[Problem details]
Return the stretch from the line with "Rickett with #17" through the line with "Viceprezident USA Biden" in the data below, character for character, skipping all pictures.

──────── Task input ────────

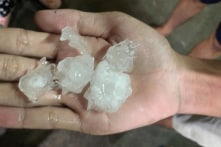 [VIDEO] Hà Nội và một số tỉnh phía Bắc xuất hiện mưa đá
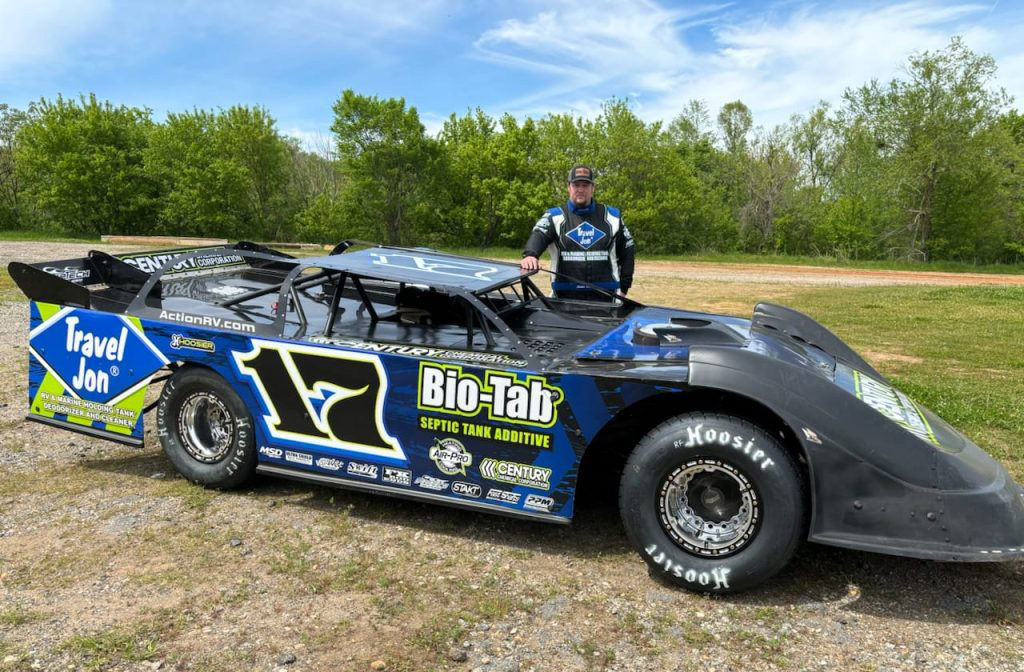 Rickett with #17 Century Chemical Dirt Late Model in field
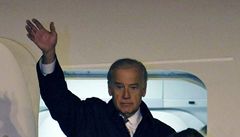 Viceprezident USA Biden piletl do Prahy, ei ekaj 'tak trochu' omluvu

────────
──────── Task input ────────

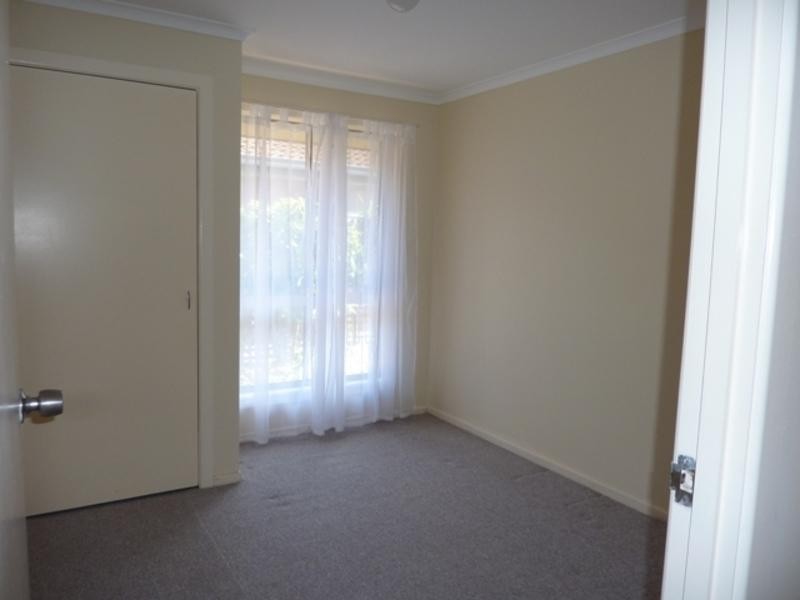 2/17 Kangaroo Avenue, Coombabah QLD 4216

────────

[Response to the exercise]
 Rickett with #17 Century Chemical Dirt Late Model in field
 Viceprezident USA Biden piletl do Prahy, ei ekaj 'tak trochu' omluvu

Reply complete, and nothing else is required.